What’s Happening With the Organ?
The Bower Hill sanctuary will buzz with activity, as our current organ is removed and a new Allen Organ is installed in time for Advent. This article explains the history and rationale for this investment.
History of the Organ At Bower Hill
- Our organ, a Hutchings, is mostly 112 years old and was installed in Bellefield Presbyterian Church in 1904. It was repaired and refurbished in 1962 by Moller and six new ranks of pipes were added (54 years old). It was purchased by BHCC in 1985 and installed in 1986 to celebrate the 35th anniversary of the church.

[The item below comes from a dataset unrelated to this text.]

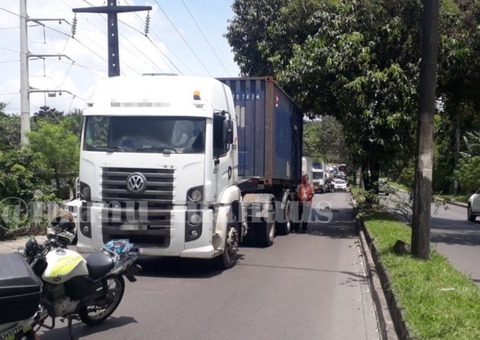 Carreta em pane deixa trânsito caótico em avenida de Manaus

- In 2003, $65,000 was allocated to purchase and install the current console from California, based on the recommendation of David Daugherty. The total cost was $59,402.12
How Does an Organ Make Sound?
Our organ sounds are created with 2064 wind-blown pipes. Each pipe has its own valve which opens and closes a leather pouch located in the wind chest under each pipe. When a key is pressed, the appropriate valve opens (deflates) a leather pouch that allows the pipe to receive the air that makes it speak.

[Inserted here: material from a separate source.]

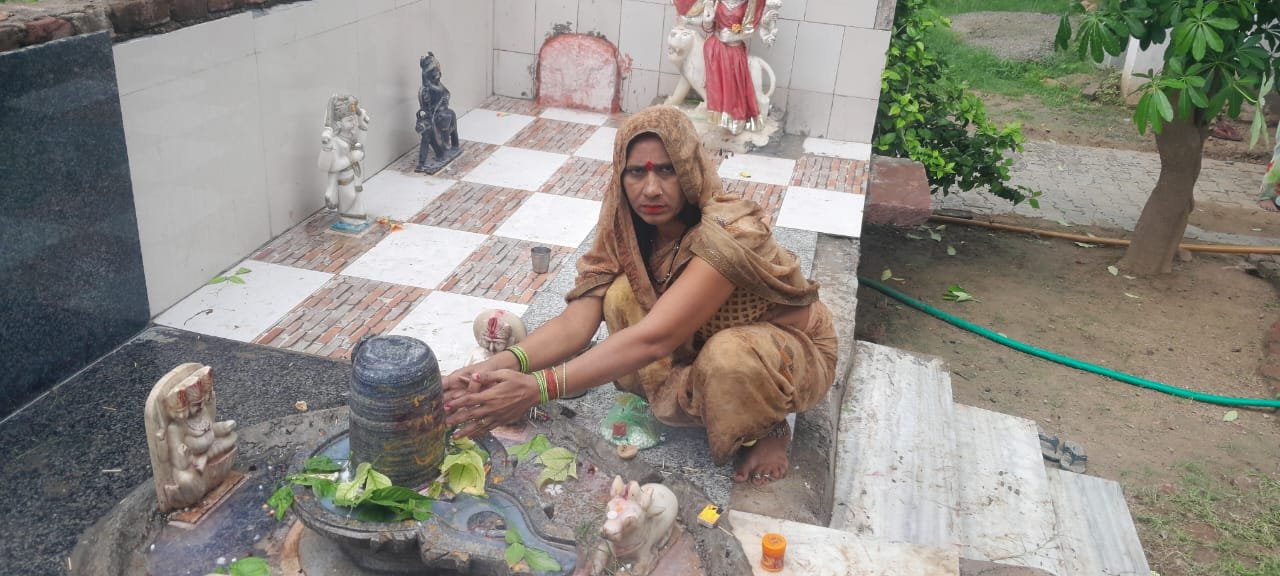 राष्ट्रीय कोषाध्यक्ष ठाकुर रनिया सिंह धाकरे ने शिव शंकर से गुहार लगाई और जल चढ़ाया...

Excerpt from David Daugherty’s 2005 Annual Report
How long has the organ been failing?
Though the current console had been installed in 2003, Daugherty’s 2005 Annual Report indicated that an eventual rebuilding of the organ would be necessary.
o Electro-pneumatic systems had begun to fail (inner workings of the organ).
o Leather pouches in pedals had begun to fail.
o Valves attached to leather pouches had begun to fail throughout the instrument.
o Electro-pneumatic tremulants had failed at 100%.
o Chimes had failed at 100%.
o Ped 16’ Diapason pipes had become physically inaccessible to service.
o He recommended that a redesign and rebuilding of the entire section of organ would be necessary to rectify the problems.
What has happened since 2005?
- All pedal pipes need to be re-leathered. This is the cause of the frequent ciphers that have interrupted worship (approximately $3,024 to repair).
- At the Henney funeral, numerous knobs literally flew out of the organ as I hit combinations. This is jarring for the musician and, potentially, the congregation.
- Approximately 32% of the organ ranks are damaged – mostly in the pedal.
- The 4th keyboard on the console is physically sinking, putting pressure on the swell keyboard. This will eventually render the swell- about 1/3 of the organ-unusable.
- Shutters have continued to fail.
- Pipes have been repaired with Duct Tape and string.
The bulk of our instrument is 100 years old and is far too small for the size of the sanctuary. The console is far too large for the instrument, and is, itself, failing. If we were to redesign and rebuild it, it would likely cost in the neighborhood $500,000, and we would continue to have 100 year old parts that would still cause problems. A completely new pipe organ, appropriately designed for our sanctuary, would likely cost more than $1M. This led us to consider electronic instruments, which if done well, are indistinguishable from pipe organs.
Allen Organs, the gold standard of electronic instruments, is the vendor that supplied the organ at Heinz Hall, and an Allen Organ replaced the pipe organ at Rodef Shalom Congregation.
At its June Meeting, the Session voted unanimously to purchase a CF-62 Series organ from Allen at an estimated cost of $105K.
Meet the C-F 62 Chancel Organ!
57 Stops / 3 Manuals
- Larger instrument and audio package than is used at Heinz Hall.
- 12 key transposer, to make all hymns singable and accessible to instrumentalists.
- Speakers in the rear of the church will fill the space with sound.
- Voicings are spread over speakers in 4 different locations, so it will sound like a true pipe organ.
- Custom console designed to our specifications.
- 10 year warranty, zero dollars maintenance.
- Never goes out of tune.
- Projected to be fully installed in time for Advent!